━━━ Input data
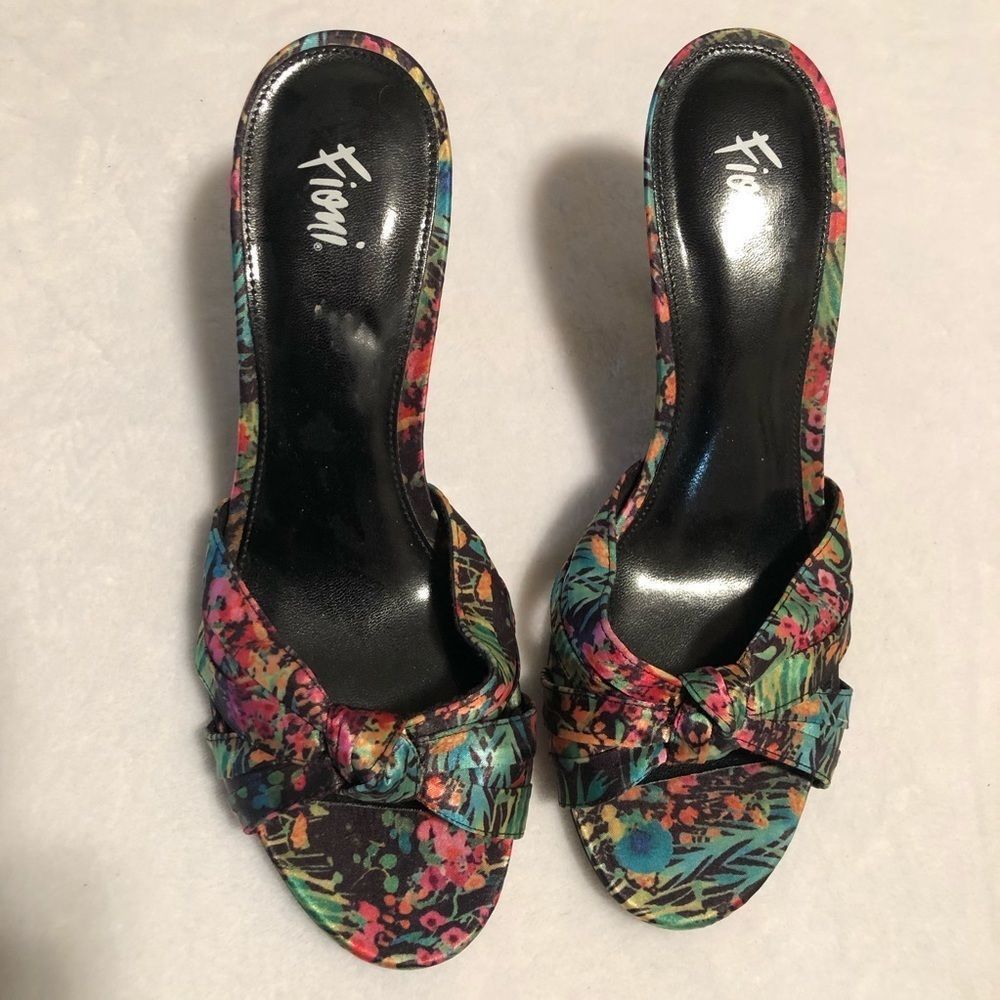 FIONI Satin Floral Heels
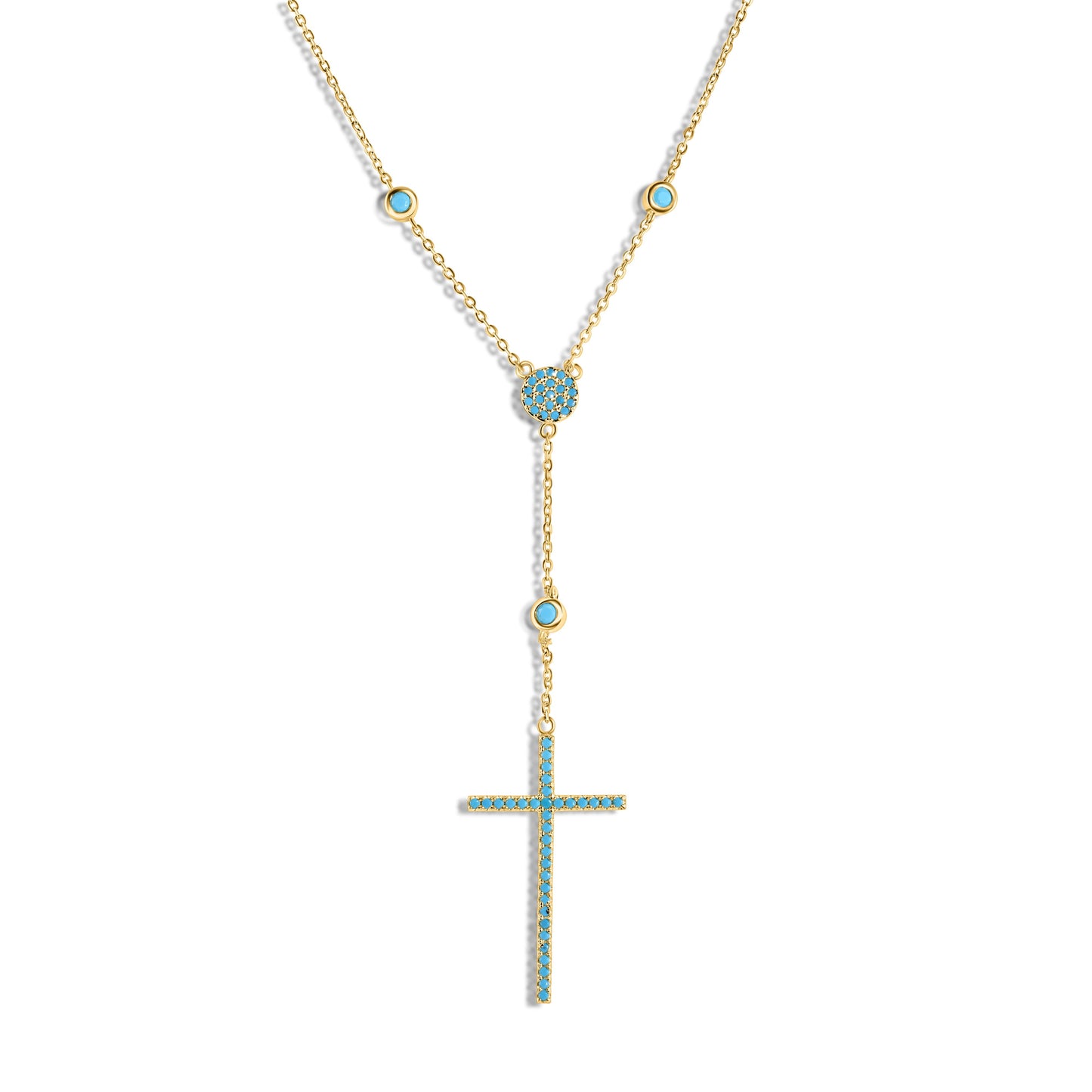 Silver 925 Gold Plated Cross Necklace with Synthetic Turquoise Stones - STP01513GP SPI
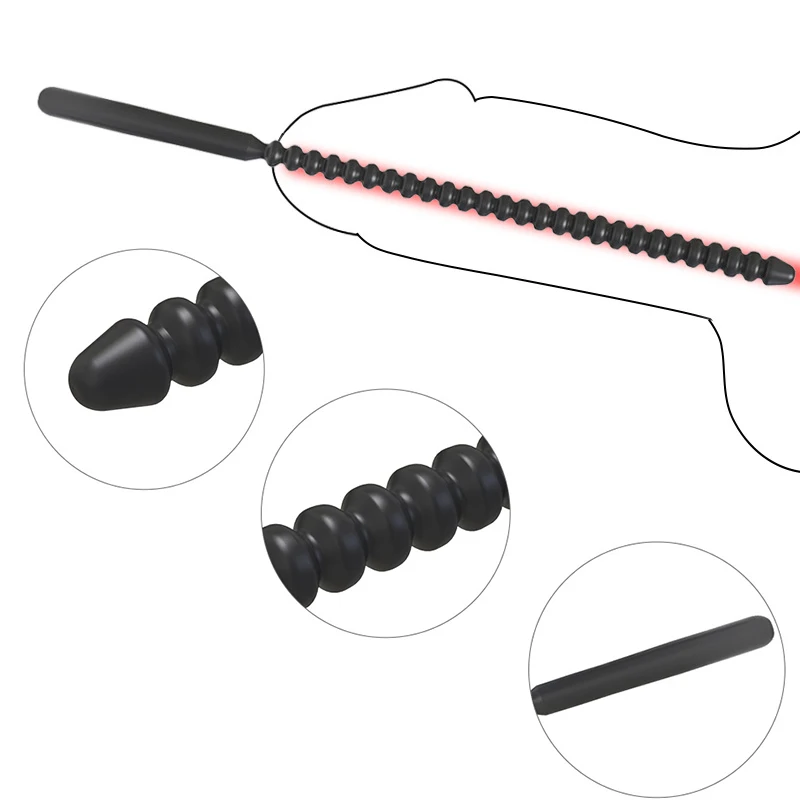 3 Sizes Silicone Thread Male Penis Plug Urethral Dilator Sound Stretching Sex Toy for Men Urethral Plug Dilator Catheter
━━━━━━
:: Problem to solve ::
Write the listing out exactly, apart from its pictures.

:: Answer box ::
 FIONI Satin Floral Heels
 Silver 925 Gold Plated Cross Necklace with Synthetic Turquoise Stones - STP01513GP SPI
 3 Sizes Silicone Thread Male Penis Plug Urethral Dilator Sound Stretching Sex Toy for Men Urethral Plug Dilator Catheter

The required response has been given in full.